Consequently, practitioners are challenged with not just choosing relevant data sources but also turning them into actionable insights. This task is made more challenging as the global data volume expands. Although each data source offers unique insights, often no single source can answer all the complex questions that planners and policymakers face.
Awash in a sea of data, practitioners seek guidance on selecting the right big data sources, addressing biases, and integrating big data with existing survey and model frameworks. Addressing these challenges requires a deep understanding of travel behavior, the ability to assess various data sources, and the skill to turn these insights into practical tools and decisions.

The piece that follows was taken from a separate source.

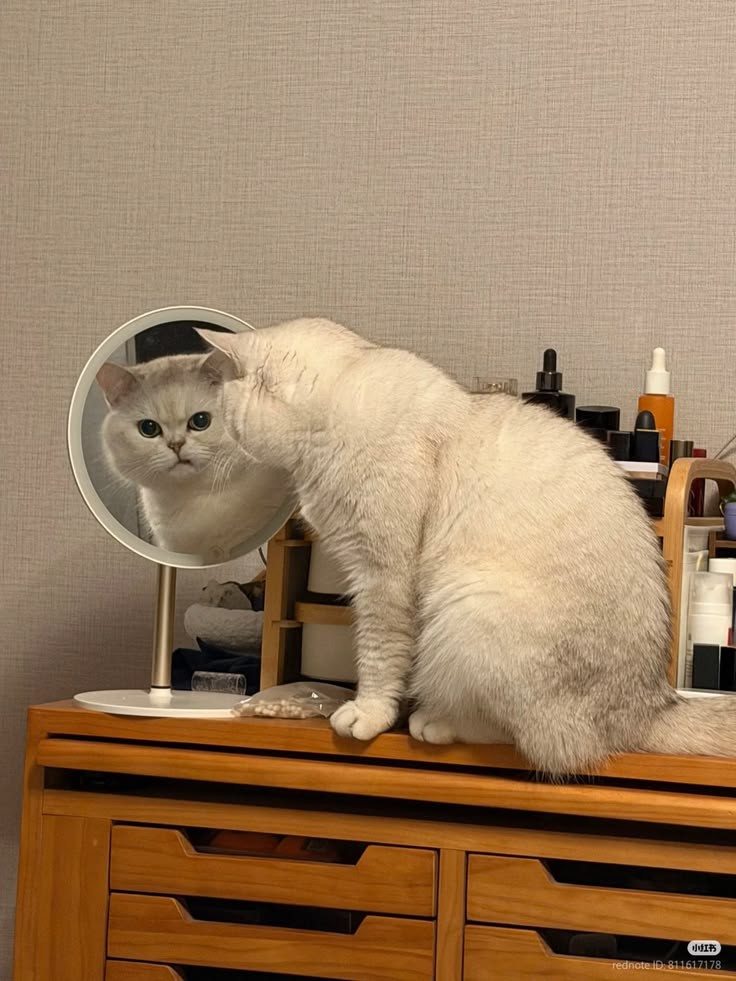 No Context Cats tweet media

This article outlines the evolving landscape of passively collected data and discusses the utility of various data types while proposing a forward-thinking approach to their selection, application, and integration.
The Value of Passively Collected Data
The term “passively collected data” might seem complex, but it just means collecting data without the user's active involvement. This type of data focuses on how it's collected, whereas big data is about the data's characteristics and the challenges it presents. Big data is known for its three Vs: volume, velocity, and variety. It involves large amounts of data, arrives rapidly, and includes different types of data (structured, unstructured, and semistructured).
Each source has its biases and limitations, complicating their optimal use. Smartphone ownership in America has jumped to 90% today from 35% in 2011, according to the Pew Research Center, making these devices a major player in the big data revolution. Yet, the quality of data from location-based services (LBS) started to decline in 2022, leading many providers to shift to connected vehicle data (CVD) instead. CVD and synthetic datasets further contribute to the big data ecosystem's increasing diversity and complexity.
The breadth of these data sources provides deep insights into travel patterns and behaviors, which transportation agencies can use for planning. By using the entire spectrum of data, including passively collected data, practitioners can improve the accuracy of their forecasts. This integration reveals essential insights into new areas, such as equitable access to mobility services and the adoption rates of technologies like electric vehicles (EVs), offering a detailed perspective on societal trends and emerging technologies.
The Pros and Cons of Big Data
Big data complements traditional surveys by uncovering wide-ranging travel patterns that smaller datasets may not reveal, such as long-distance trips, visitor movements, and commercial vehicle flows. This broader view is a key benefit of big data, providing a complementary and more detailed and nuanced understanding of mobility.
Despite its advantages, navigating the big data landscape presents challenges. Practitioners often struggle to select and use data sources effectively, an issue that arises when they realize—usually after acquiring the data—that no single dataset can meet all of an agency's needs. This highlights the need for strategic planning in choosing data sources from the start.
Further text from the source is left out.